Darfur Crisis: Too Few Peacekeepers

Quote of the Day:

“We have now 9,000 re-hatted soldiers in Darfur. That’s not sufficient. That is why we are very concerned about the ongoing deteriorating situation in Darfur.”

-U.N. Secretary-General Ban Ki-moon

The article, Too few troops deployed in Darfur, continues:

Last week a joint U.N.-African Union (AU) mission took over peacekeeping in Darfur from a purely AU force, seeking to end almost five years of fighting. But the swapping of green AU berets for U.N. blue ones is unlikely to bring rapid change.

That is why we are very concerned about the ongoing deteriorating situation in Darfur.”

The so-called hybrid force of AU and U.N. troops replaces a struggling AU mission. The plan is for it ultimately to comprise 20,000 soldiers and 6,000 police, but only a little over a third of those are so far in place.

“I as the secretary-general and the United Nations as a whole … must ensure the rapid deployment of hybrid operations as agreed to the level of 26,000 (peacekeepers) as soon as possible,” Ban told reporters at his first news conference of 2008.

Herein lies the problem with peacekeeping: there are no divisions of troops sitting on the tarmacs of a multitude of networked, of-one-mind-group of nations that are ready to deploy at a moment’s notice to the hotspot of the week. Individual countries have individual self interests, and the diplomatic prodding and wrangling necessary to accomplish this has been demonstrated to us over the past few years. Peacekeeping nowadays is tough duty, because forces have to be flexible, and in uncertain areas, must be prepared to shoot people. That requires a disciplined, experienced, and professional force to be committed to near-combat ops, for a very long time at high expense. There just aren’t that many countries that that have it in their national interest to commit to these missions, morality aside. Commit untrained troops, and you get sex-crimes, and rampant corruption, and your country’s military ineptitude is on display for the world to see. Commit no troops and you have stood up to “imperialism,” or whatever the international cop-out is for the week. There are trained troops that could do this job, but they are going to be from the US, Britain, Australia, and some key European allies that have not completely disassembled their defense establishment –that’s it.

Also, don’t think for a moment that Osama Bin Laden’s call for a jihad against any peacekeeping effort isn’t influencing nations to stay out of the fray. Most AU countries can sit in the “nonaligned movement” of the war on terror, and they want to keep it that way.

Recall:

CAIRO, Egypt: Al-Qaida leader Osama Bin Laden called for a holy war against a proposed peacekeeping force in Sudan’s war torn region of Darfur in a message that appeared on jihadi Web sites Tuesday.
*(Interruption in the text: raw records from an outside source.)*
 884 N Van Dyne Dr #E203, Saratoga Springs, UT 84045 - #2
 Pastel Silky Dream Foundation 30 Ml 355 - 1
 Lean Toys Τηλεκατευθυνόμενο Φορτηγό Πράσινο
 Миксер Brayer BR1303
… Bin Laden called on those living in the areas surrounding Darfur, particularly the Arabian peninsula, to drive out any foreign forces in the region.

“It is the duty of the people of Islam in the Sudan and its environs, especially the Arabian Peninsula, to perform jihad against the Crusader invaders and wage armed rebellion to remove those who let them in,”
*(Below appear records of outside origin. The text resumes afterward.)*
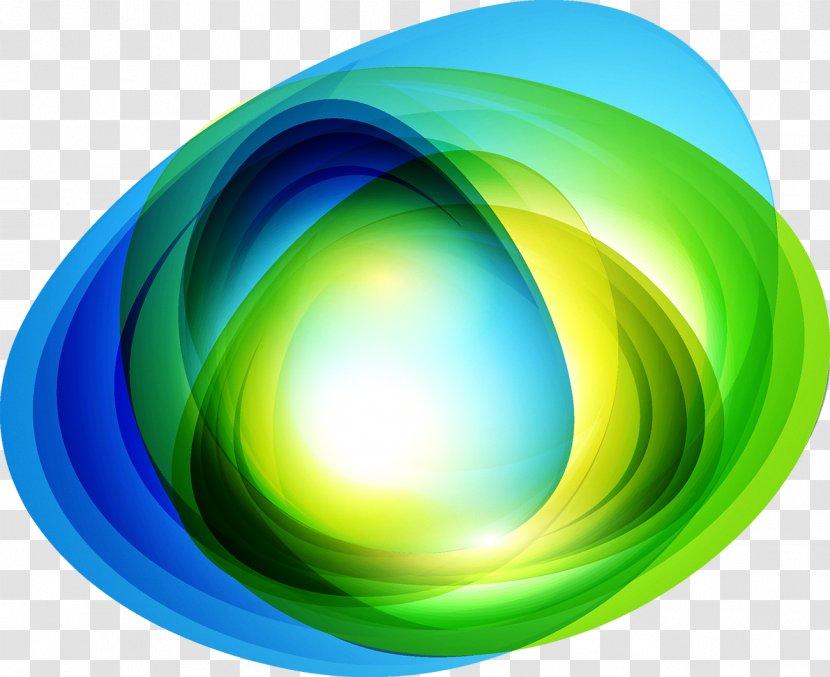 Circle Science Annulus Technology Euclidean Vector - Close Up - Colorful And Transparent PNG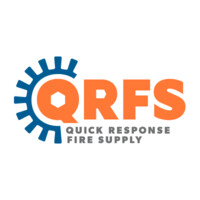 Quick Response Fire Supply, LLC (QRFS.com) Logo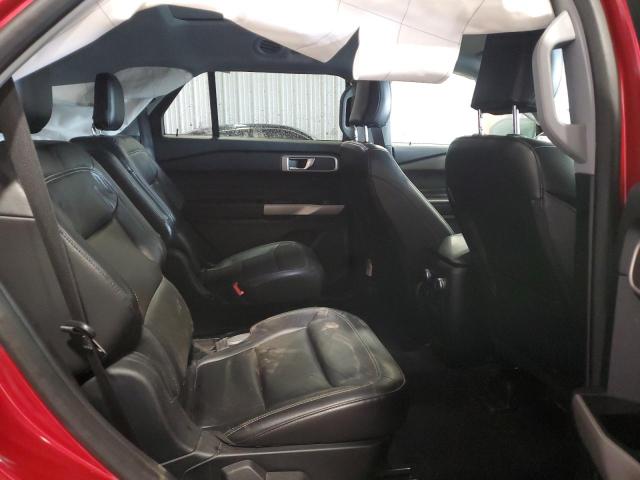 Photo 11 from auction – 2021 FORD EXPLORER X with VIN 1FMSK8DH5MGA26149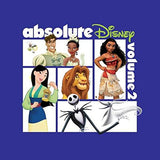 V/A (Various Artists) - Absolute disney: vol.2 (CD) - Velvet Music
So there you go. It doesn’t matter what color the peacekeeper’s hats are in Darfur, because unless they are ACU, it isn’t going to change anything, and that isn’t likely to happen any time soon.

Comments

  1. mindy abraham says:

    I hope something can be done about this soon. In this day and age genocide should be a dead word-not being done anymore.

  2. Steve says:

    "There are trained troops that could do this job, but they are going to be from the US, Britain, Australia, and some key European allies that have not completely disassembled their defense establishment –that’s it."

    Dear Charlie —

    I respectfully submit that your neighbours in the Great White North also have troops capable of this mission. While actually sending them would require a reshuffling of other commitments, just at the moment the same would seem to be true of most of the other sources you list … :-) :-(

  3. LtCol P says:

    Steve: The boys at The Torch would agree! And they would be a good addition.

    Charlie: That's ACU *or* MARPAT!

  4. billmill says:

    Why not use outfits like Executive Outcomes? I realize this brings us to use the evil mercenary word but why not? Something I could never understand is outfits like Executive Outcomes are condemned because they are private soldiers, but not an eyebrow is raised when our own contractors like Blackwater, DynCorp and others who due the bidding of foreign governments are given a pass. From my TDY’s to the Kingdom in the 90’s one thing is for sure, the RSAF would not fly if not for the ex-pat Brits and Americans working for the contractors.

  5. John Minehan says:

    Complex situation, Darfur. Even more complex with the South breaking away. COL John Garang, Ph.D.'s death in '05 made the whole thing more difficult, as the tentative settlement was in large measure predicated on his talents and influence.

    Darfur, if you study it, looks like it has elements of the Johnson County War, with the Government of Sudan as the WSGA; the Janjaweed as the Red Sash Gang and the Fur and Maspit as the sod busters.

    Contrary to most popular ideas, the conflict is not religious (both sides are Muslim) nor is it racial (the pastoralist Arabs and their farmer neighbors the Fur and Maslit often used to intermarry). It is more like the conflict in the film Shane: cowboys versus sodbusters.

    There has been speculation that the Government of Sudan has used the Janjaweed like the Government of Serbia used Arkan and his Tiger Militia.